Il Berlusconi eversivo a reti unificate

ROMA – Sono le 22.30 di un’altra giornata da ricordare in questo tormentatissimo 2013. La condanna di Silvio Berlusconi, definitiva, a quattro anni per frode fiscale è stata sancita da più di due ore dalla Corte di Cassazione.

La notizia rimbalza su tutti gli organi di stampa del mondo e conquista le prime pagine dei giornali e dei telegiornali. La felicità dei conduttori dei talk show è palpabile, perchè, comunque la si pensi, l’audience è assicurata. I social network impazziscono e sembrano un gigantesco stadio nel quale le due tifoserie si combattono tra colpevolisti e innocentisti, tra cosiddetti giustizialisti e cosiddetti garantisti, tra berlusconiani e antiberlusconiani. La storia sembra tornare indietro, al 1994, alla cosidetta “discesa in campo” di Silvio Berlusconi.

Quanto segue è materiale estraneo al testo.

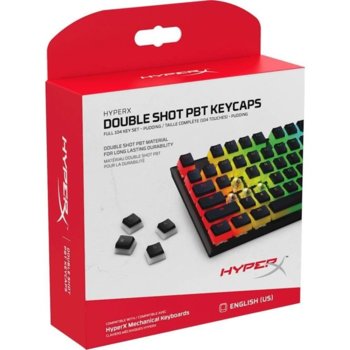 Капачки за механична клавиатура Kingston HyperX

Diciamo la verità, alcuni di noi questo scenario, lo avevano ampiamente previsto. Così come si poteva prevedere lo scenario opposto nel caso di assoluzione. La questione politica sul tappeto, e lo sapevamo tutti, era ed è relativa alla durata del governo Letta e alla tenuta della coalizione di larghe intese, proprio in caso di condanna confermata. 

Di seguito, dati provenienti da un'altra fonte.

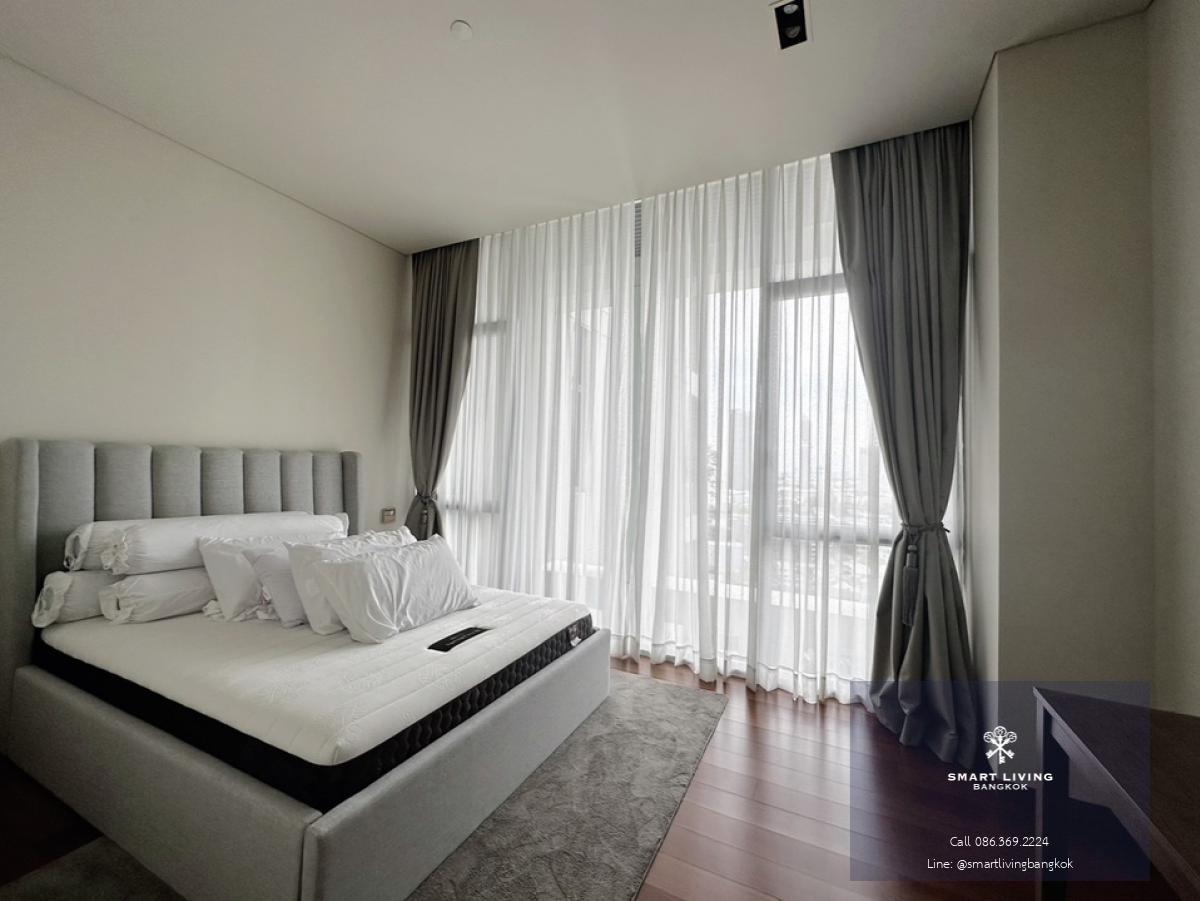 📢👇 Rare item  Luxury condo 3 beds Duplex, private lift, spacious living room , unblocked view, located in Sathorn, next to Sukhothai Hotel. There are three exits: one to Soi Suan Phlu , Soi Nanta(Sathon 1),  Sukhothai hotel ( south Sathon ), conceige serv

E tuttavia, alle 22.30 di giovedì primo agosto è accaduto ciò che davvero non ti aspetti. La mossa furba, indecente, priva di scrupoli, che improvvisamente ha la capacità di spostare l’attenzione dei media: dalla condanna, e dunque, dallo status di pregiudicato di Berlusconi, alla “violenza della magistratura” contro di lui, e alla chiamata alle armi del popolo berlusconiano nei confronti di una parte della magistratura “non eletta” dal popolo. Alle 22.30 di giovedì primo agosto, Silvio Berlusconi mette letteralmente in scena, con un video messaggio passato a reti unificate, il suo personale psicodramma. Uno psicodramma del tutto eversivo, falso nella ricostruzione storica, enfatico nella rappresentazione dell’uomo che si è fatto da sé. Lo psicodramma blandisce i fans, li accarezza mediaticamente, finalmente li fa sentire popolo di oppressi perchè oppresso è il capo. Lo psicodramma reinventa e rilancia il nemico sempre combattuto e mai del tutto abbattuto: i comunisti, che si annidano nella politica, nella magistratura, nelle scuole e nelle università. Quei comunisti ammazzabambini e ammazzademocrazia che solo il capo ha saputo affrontare e sconfiggere. E non solo. 

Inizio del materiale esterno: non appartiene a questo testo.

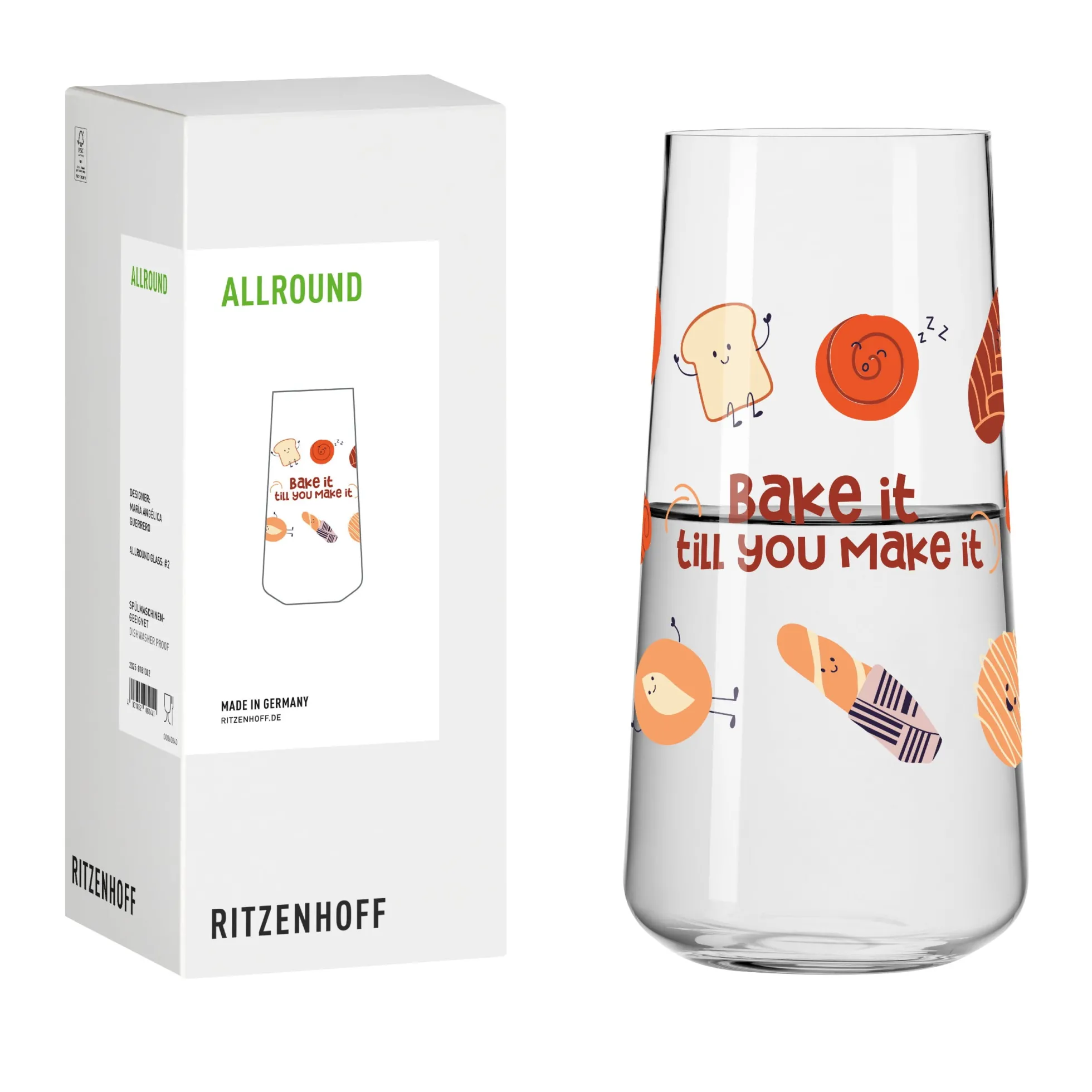 Ritzenhoff farm universalglas #2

La riscrittura degli anni di Tangentopoli, ha la forza emotiva dell’atto d’accusa contro la magistratura colpevole di aver spazzato via i cinque partiti (il Pentapartito) che avevano fondato la democrazia repubblicana. Serve a sostituire la memoria storica con la verità del capo: gli altri spazzati via, i comunisti in sella e probabili vincitori delle elezioni del 1994. Qui lo psicodramma diventa epopea di sé stesso, canto notturno del capo sconfitto che chiama attorno a sé i figli e rimedia ai propri errori reinventando la storia, ovvero narrando un’altra favola. Il capo sconfitto può dire quello che vuole si suoi figli, può rivolgere parole eversive e sovversive, può chiamare a raccolta il suo popolo giurando e pregustando l’ora della rivincita e della vittoria.

In nove minuti di messaggio audiovideo (anche questa tecnica riporta indietro l’orologio della storia alle videocassette del 1994), Silvio Berlusconi, con voce teatralmente spesso rotta, alternando pause studiate ai climax ascensionali del racconto, rilancia l’immagine consunta, desueta, della vittima tra le vittime, del vendicatore degli oppressi, del sostenitore dei liberi, e furbi, cittadini che evadono le tasse, e non solo per necessità. Antropologicamente, il suo nemico non è cambiato: politici comunisti, magistrati comunisti, agenti delle tasse comunisti, guardie di finanza comunisti, giornalisti comunisti (memorabile il passaggio in cui accusa la stampa di aver scritto menzogne sulla causa che l’ha portato alla condanna, in particolare sulla creazione di fondi neri). Di nuovo, la ripetizione e il rilancio della guerra civile. Tutto ciò è eversivo, antidemocratico, irritante. Ma anche, per chi ancora non ne fosse convinto, la spinta a dividere l’Italia come una mela: di qua i berlusconiani, di là gli antiberlusconiani.

Facciamo in modo che questo subdolo tentativo di ripescare metodi e temi di un’epoca remota non abbia successo.